◆ **Available data**
============

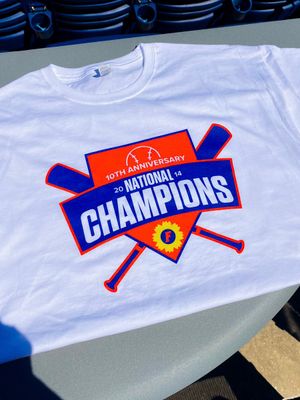 Image post by @GatorsSB on Twitter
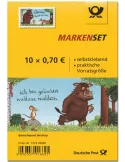 n° C3229 - Timbre ALLEMAGNE FEDERALE Carnets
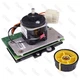 Potentiometer Controller w/Knob 1600272 & 2560136 for JLG Boom Lift 450A 450AJ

============

◆ **Work order**
Copy out the lines above unchanged. Skip the images.

◆ **Result of this task**
 Image post by @GatorsSB on Twitter
 n° C3229 - Timbre ALLEMAGNE FEDERALE Carnets
 Potentiometer Controller w/Knob 1600272 & 2560136 for JLG Boom Lift 450A 450AJ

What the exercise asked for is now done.